Recall that \(\pi \) interprets f as an arithmetic circuit over a sufficiently large field \(\mathbb {F}\) of size \(|\mathbb {F}|>n\) and that each party i is associated with a fixed public field element \(\alpha _i\in \mathbb {F}\) (as a property of the protocol and independently of the input). Thus the first n powers of each \(\alpha _i\) are to be treated as pre-computed constants. The local computation L of every party for each multiplication gate (and for the input gates) can be implemented by a \(\mathrm{poly}(n)\)-size arithmetic circuit of constant depth whose addition gates have unbounded fan-in and the multiplication gates have fan-in 2. (Indeed, all local computation can be written as matrix-vector multiplications.) This gives rise to an arithmetic circuit with bounded fan-in gates, \(\mathrm{poly}(n)\) size, \(O(\log n)\) depth and constant multiplicative depth.

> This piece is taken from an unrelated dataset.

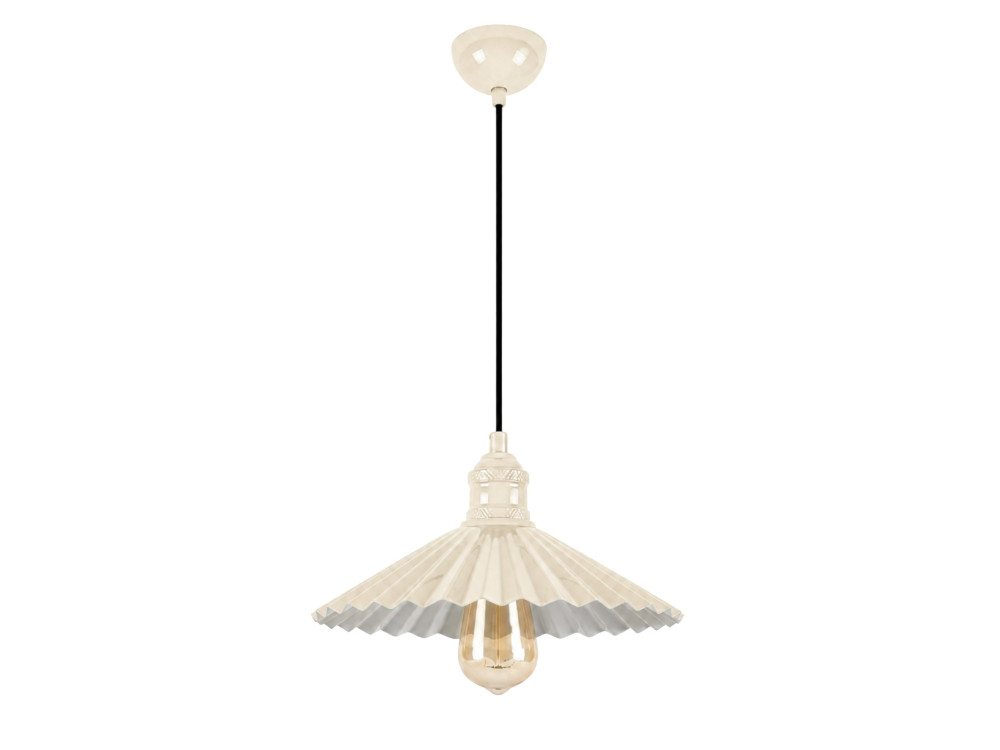 Candeeiro suspenso em metal «Plise» - 32 x 32 cm - Bege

We continue by showing that such an arithmetic circuit L can be realized by a Boolean \({\mathrm {NC}}^1\) circuit (of size \(\mathrm{poly}(n)\), depth \(O(\log n)\) and bounded-fan gates). Indeed, letting \(\mathbb {F}=\mathrm {GF}[2^{O(\log n)}]\) be a binary extension field, we can trivially implement field addition by a Boolean circuit of constant depth and \(O(\log n)\) size (and bounded-fan gates). Field multiplication can be implemented by an \({\mathrm {AC}}^0[\oplus ]\) circuit of size \(\mathrm{polylog}(n)\) [19], and therefore by a Boolean circuit of size \(\mathrm{polylog}(n)\), depth \(\log (\mathrm{polylog}(n))\) and bounded-fan gates. It follows that L is in \({\mathrm {NC}}^1\).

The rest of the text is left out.